Between the online classes and all-school Zooms, the students of Addington School in Ōtautahi jotted down words, poems and ideas to describe their experiences of lockdown. These memories were set to music and became a supportive anthem as they returned to school.

The Covid-19 lockdown came just a term after the school community had settled into their post-earthquake rebuild and at a time when the pain of the nearby Al Noor Mosque shootings was still raw. For Principal Donna Buchanan, it was a feeling of “here we go again”, but she and her staff were determined to keep connected with students, with the arts and creativity playing a central role.

“We’ve been through enough at school to know that that’s how we fit together. The arts and performing together is what brings us together and makes us feel like we belong,” she says.

Music coordinator Ally Palmer and piano tutor Tom Harris put the student’s words to music and band tutor Matt Stevenson recorded it at his home studio. As soon as the students returned to school after lockdown, they recorded vocals in small, socially distanced groups, then teacher Sheryn Follero used the children’s photos and video clips to make a video.
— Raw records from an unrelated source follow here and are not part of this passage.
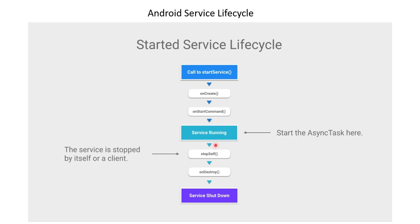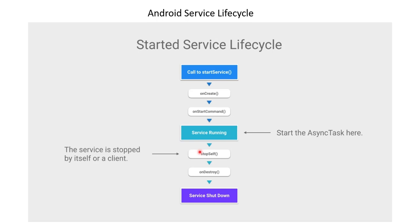After we have finished running all of our required logic, we can call stopSelf to stop our service. This can be called automatically after we successfully complete running, or a client can manually trigger stopSelf through a button call. When we call stopSelf, it will trigger the onDestroy method. OnDestroy is the final phase of our service and will shut down the service.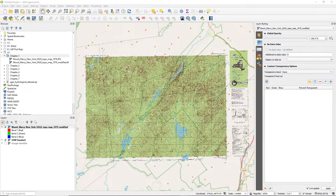So this is how you can check if any layer that you have downloaded or georeferenced is in the correct location by using base maps.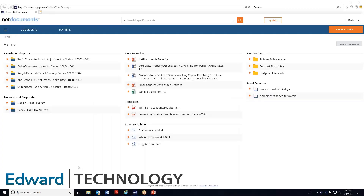So this is NetDocuments. NetDocuments is a cloud-based document management system that was built for law firms. It is a tool that a lot of firms have used to be able to have higher levels of security, to be able to access their documents from anywhere, and also to have a little bit more organization throughout the firm. As we go through some of these features, those are kind of our main goals here at NetDocuments.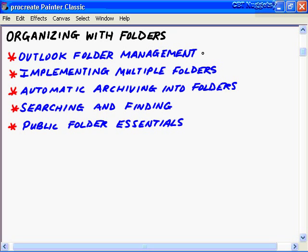In this Outlook 2003 Nugget, Organizing with Folders, we're going to cover five main objectives. First, we want to get an overview of Outlook folder management. Then we want to look at how we can implement multiple folders and why. Then we'll look at automatic archiving into folders in Outlook, then searching and finding, and finally we'll look at some essentials of public folders.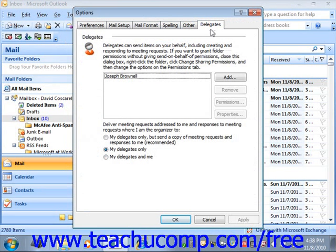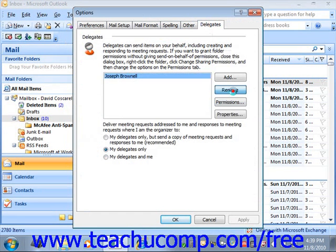From there, in either version, simply select the name of the delegate that you want to delete. Then press the Remove button to delete the selected delegate.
“It was pretty interesting to see what they came up with,” says Palmer. “To me, it sounded like they were really able to express their frustration and the good parts of [lockdown]. To see their lines become part of the song, I think there was quite a lot of pride for them. I know, especially when photos came up on the video, they were cheering and laughing with each other, a lot of comradery as well.”
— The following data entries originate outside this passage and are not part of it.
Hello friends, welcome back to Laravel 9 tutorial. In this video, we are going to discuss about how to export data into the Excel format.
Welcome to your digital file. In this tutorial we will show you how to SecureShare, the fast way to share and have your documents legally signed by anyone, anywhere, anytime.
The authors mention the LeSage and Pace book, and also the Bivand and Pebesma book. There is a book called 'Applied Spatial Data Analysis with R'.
Buchanan says the music video had a huge impact on the students’ wellbeing. “I sent that everywhere and anywhere to places all round – the ministry office and it went to the Children’s Commissioner. We had a letter from Jacinda Ardern, and it just kept coming. I think the kids just rode the buzz,” she says.

Addington School has long had a community-driven focus on the arts. The music school runs senior and junior choirs, a ukulele orchestra, a Pasifika drumming group and employs tutors for students to have lessons during class time for drums, composition, singing, keyboard, bass, guitar, ukulele and dance, all of which give students a way to express themselves creatively. 

The performing arts are a personal passion for Buchanan. In the school’s biannual productions, she leads the performance side, while Palmer brings the music together. However, Buchanan says, there is no expectation on teachers to be experts in the performing arts. “We talk about learning with the kids and being a risk taker. I’m certainly not a dancer, but I show them something, join in, and look like I’m having fun,” she says.

Palmer says that every year for the past 12 years, the students have produced a music album. “Some of the kids write their own songs and we help them bring out their words,” Palmer says. “There have been some special moments … for kids that struggle in other areas, they’ve got a song.”

Principal Donna Buchanan, left, and Music Coordinator Ally Palmer, right, with members of the school music programme who helped write the song’s lyrics. Photo: Supplied.